I'm trying to convert a cyrillic 1251 to utf-8.
Given String: Íó è ÿ ñäåëàëà âûâîäû...
Expected String: Ну и я сделала выводы...
What I've tried so far:
echo iconv('CP1251', 'UTF-8', 'Íó è ÿ ñäåëàëà âûâîäû...');
or
echo mb_convert_encoding('Íó è ÿ ñäåëàëà âûâîäû...', 'UTF-8', 'CP1251');
The result I got:
Íó è ÿ ñäåëà ëà âûâîäû...
Any ideas how I could make it work?
CodePudding user response:
What you have is a UTF8 string made up of cp1252 characters which are a misrepresentation of cp1251.
The true answer is to fix what produced this mistake so that your data doesn't get corrupted like this.
The worse answer is to repeat the mis-translation in reverse to recover the original string, and then convert it properly.
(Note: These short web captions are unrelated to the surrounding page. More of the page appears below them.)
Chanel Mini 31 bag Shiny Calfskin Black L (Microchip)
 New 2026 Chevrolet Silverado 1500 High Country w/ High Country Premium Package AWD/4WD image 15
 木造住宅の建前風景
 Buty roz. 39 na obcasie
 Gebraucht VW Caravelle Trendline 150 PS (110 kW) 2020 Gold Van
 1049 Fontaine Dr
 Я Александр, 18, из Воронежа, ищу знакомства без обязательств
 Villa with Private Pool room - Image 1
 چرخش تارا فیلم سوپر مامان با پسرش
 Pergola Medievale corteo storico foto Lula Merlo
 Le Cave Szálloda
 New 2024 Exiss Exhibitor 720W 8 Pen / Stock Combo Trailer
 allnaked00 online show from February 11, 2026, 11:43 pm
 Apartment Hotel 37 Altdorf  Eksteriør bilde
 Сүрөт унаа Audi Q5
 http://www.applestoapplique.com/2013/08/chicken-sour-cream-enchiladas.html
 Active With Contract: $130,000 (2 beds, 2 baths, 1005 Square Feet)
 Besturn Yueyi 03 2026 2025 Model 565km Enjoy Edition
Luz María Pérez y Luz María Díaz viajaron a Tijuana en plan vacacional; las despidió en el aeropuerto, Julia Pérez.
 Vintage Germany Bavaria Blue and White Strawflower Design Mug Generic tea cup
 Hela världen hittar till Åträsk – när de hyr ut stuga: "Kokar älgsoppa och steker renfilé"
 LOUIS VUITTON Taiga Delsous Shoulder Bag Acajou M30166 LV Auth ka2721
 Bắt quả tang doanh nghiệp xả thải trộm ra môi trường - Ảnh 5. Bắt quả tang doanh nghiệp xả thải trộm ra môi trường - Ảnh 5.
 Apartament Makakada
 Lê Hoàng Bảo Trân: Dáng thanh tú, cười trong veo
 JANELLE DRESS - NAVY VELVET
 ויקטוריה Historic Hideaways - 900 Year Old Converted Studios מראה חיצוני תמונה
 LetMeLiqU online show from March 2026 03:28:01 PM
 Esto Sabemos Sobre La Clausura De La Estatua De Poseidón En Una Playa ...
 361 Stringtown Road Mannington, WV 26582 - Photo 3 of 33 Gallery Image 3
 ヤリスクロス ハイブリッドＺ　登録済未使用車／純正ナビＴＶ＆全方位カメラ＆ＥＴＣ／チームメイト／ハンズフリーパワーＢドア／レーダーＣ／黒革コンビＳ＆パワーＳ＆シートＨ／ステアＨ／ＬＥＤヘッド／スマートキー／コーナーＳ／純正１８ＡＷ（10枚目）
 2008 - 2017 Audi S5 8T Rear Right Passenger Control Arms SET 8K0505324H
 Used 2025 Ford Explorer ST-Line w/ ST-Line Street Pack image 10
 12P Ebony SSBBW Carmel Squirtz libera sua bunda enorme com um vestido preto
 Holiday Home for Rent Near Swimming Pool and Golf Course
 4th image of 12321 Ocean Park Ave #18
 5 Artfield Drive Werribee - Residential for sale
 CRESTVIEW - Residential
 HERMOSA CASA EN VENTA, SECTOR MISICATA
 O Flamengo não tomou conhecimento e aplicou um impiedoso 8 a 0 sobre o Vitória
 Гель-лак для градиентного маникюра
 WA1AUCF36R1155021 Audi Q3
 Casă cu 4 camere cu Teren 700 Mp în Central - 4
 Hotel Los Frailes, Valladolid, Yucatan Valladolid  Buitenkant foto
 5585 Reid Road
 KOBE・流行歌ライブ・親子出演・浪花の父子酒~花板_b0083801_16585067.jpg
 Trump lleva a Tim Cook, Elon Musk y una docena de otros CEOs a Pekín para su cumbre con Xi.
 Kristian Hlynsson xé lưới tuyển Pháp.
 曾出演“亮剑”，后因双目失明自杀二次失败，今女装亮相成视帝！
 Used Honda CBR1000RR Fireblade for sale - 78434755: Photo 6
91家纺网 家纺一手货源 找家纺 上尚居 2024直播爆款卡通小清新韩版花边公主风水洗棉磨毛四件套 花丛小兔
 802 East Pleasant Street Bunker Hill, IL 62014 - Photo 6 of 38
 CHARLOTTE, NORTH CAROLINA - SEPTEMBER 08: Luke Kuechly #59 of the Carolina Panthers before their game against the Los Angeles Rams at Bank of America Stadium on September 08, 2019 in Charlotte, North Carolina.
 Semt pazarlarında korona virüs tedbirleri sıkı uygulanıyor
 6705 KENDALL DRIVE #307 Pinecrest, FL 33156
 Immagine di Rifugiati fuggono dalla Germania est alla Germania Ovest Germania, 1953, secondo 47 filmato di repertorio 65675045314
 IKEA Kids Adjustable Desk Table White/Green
$input = 'Íó è ÿ ñäåëàëà âûâîäû...';
// convert back to source string via CP1252 single-byte encoding
$out = mb_convert_encoding($input, 'CP1252', 'UTF-8');
// correctly convert source string to UTF8 using CP1251
$out = mb_convert_encoding($out, 'UTF-8', 'CP1251');
var_dump($st2);